Since we are interested only in text variables, let's extract the text features:

train <- train[,.(listing_id,features, description,street_address,display_address,interest_level)]
test <- test[,.(listing_id,features,street_address,display_address,description)]

Let's quickly understand what the data is about:

dim(train)
dim(test)
head(train)
head(test)
sapply(train,class)
sapply(test,class)

From the analysis above, we can derive the following insights:

The train data has 49352 rows and 6 columns. The test data has 74659 rows and 5 columns.
interest_level is the dependent variable i.e. the variable to predict
listing_id variable has unique value for every listing. In other words, it is the identifier variable.
features comprises of a list of features for every listing_id
description refers to the description of a listing_id provided by the agent
Street address and display address refers to the address of the listed apartment.

Let's start with the analysis.

We'll now join the data and create some new features.

#join data
test[,interest_level := "None"]
tdata <- rbindlist(list(train,test))

#fill empty values in the list
tdata[,features := ifelse(map(features, is_empty),"aempty",features)]
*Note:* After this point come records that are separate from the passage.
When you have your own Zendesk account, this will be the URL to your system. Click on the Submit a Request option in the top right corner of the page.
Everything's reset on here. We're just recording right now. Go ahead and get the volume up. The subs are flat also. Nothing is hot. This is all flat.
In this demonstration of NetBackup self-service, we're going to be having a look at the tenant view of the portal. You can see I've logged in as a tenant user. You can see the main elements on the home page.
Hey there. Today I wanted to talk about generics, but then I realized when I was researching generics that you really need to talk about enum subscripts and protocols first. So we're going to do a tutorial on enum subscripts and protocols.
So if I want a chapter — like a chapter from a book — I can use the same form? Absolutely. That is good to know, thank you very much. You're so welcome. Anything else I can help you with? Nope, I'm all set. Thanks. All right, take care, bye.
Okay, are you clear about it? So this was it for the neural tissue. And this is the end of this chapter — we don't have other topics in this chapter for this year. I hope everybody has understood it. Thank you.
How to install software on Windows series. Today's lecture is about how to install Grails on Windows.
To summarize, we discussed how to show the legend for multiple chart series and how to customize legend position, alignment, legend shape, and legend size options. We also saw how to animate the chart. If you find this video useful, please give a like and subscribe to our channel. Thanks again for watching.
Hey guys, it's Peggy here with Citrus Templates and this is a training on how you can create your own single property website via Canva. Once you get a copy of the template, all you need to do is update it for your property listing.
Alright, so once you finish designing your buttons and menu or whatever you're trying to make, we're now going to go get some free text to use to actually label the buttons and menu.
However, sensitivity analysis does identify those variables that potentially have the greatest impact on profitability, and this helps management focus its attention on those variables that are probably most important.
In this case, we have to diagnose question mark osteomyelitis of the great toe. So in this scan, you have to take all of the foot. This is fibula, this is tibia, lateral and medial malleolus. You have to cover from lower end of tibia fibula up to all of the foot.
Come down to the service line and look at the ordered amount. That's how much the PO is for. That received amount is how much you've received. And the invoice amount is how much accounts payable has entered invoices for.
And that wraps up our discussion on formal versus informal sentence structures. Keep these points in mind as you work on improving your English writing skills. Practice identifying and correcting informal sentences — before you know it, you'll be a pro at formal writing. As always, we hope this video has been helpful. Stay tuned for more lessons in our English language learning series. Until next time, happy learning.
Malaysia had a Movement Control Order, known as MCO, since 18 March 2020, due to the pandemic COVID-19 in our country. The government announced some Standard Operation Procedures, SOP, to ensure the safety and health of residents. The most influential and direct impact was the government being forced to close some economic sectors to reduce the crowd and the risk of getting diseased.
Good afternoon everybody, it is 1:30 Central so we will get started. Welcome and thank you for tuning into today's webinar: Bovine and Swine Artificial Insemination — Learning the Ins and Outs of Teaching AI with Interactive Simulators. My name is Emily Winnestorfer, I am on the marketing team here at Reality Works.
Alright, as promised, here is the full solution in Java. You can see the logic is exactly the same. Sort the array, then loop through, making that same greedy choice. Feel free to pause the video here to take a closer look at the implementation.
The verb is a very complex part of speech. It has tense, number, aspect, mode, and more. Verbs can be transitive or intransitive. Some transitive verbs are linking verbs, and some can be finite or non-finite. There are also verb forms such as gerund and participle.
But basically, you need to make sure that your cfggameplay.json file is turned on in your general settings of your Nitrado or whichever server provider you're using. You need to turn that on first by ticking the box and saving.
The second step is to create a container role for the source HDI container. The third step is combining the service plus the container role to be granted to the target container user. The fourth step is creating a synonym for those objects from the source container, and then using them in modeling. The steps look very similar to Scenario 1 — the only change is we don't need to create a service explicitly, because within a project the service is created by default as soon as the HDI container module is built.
#count number of features per listing
tdata[,feature_count := unlist(lapply(features, length))]

#count number of words in description
tdata[,desc_word_count := str_count(description,pattern = "\\w+")]

#count total length of description
tdata[,desc_len := str_count(description)]

#similarity between address
tdata[,lev_sim := levenshteinDist(street_address,display_address)]

Feature engineering doesn't play by a fixed set of rules. With a different data set, you'll always discover new potential set of features. The best way to become at expert at feature engineering is solve different types of problems. Anyhow, for this problem I've created the following variables:

Count of number of features per listing
Count of number of words in the description
Count of total length of the description
Similarity between street and display address using levenshtein distance

dim(tdata)

Now, the data has 10 variables and 680961 observations. If you think these variables are too less for a machine learning algorithm to work best, hold tight. In a while, our data dimension is going to explode. We'll create more new features from the variable 'Features' and 'Description'.

Let's take them up one by one. First, we'll transform the list 'Features' into one feature per row format.

#extract variables from features
fdata <- data.table(listing_id = rep(unlist(tdata$listing_id), lapply(tdata$features, length)), features = unlist(tdata$features))
head(fdata)

#convert features to lower
fdata[,features := unlist(lapply(features, tolower))]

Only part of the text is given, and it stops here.